[SUPPLIED MATERIAL — start]

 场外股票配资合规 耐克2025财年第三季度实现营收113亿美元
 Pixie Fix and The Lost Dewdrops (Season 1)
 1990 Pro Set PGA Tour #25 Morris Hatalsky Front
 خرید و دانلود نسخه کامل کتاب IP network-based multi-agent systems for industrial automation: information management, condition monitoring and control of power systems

[SUPPLIED MATERIAL — finish]

* [WHAT YOU NEED TO DO]: An exact restatement of the lines from the one with "Pixie Fix and The Lost Dewdrops (Season 1)" through the last line of the data is the only acceptable answer.

* [SOLVED EXERCISE]:
 Pixie Fix and The Lost Dewdrops (Season 1)
 1990 Pro Set PGA Tour #25 Morris Hatalsky Front
 خرید و دانلود نسخه کامل کتاب IP network-based multi-agent systems for industrial automation: information management, condition monitoring and control of power systems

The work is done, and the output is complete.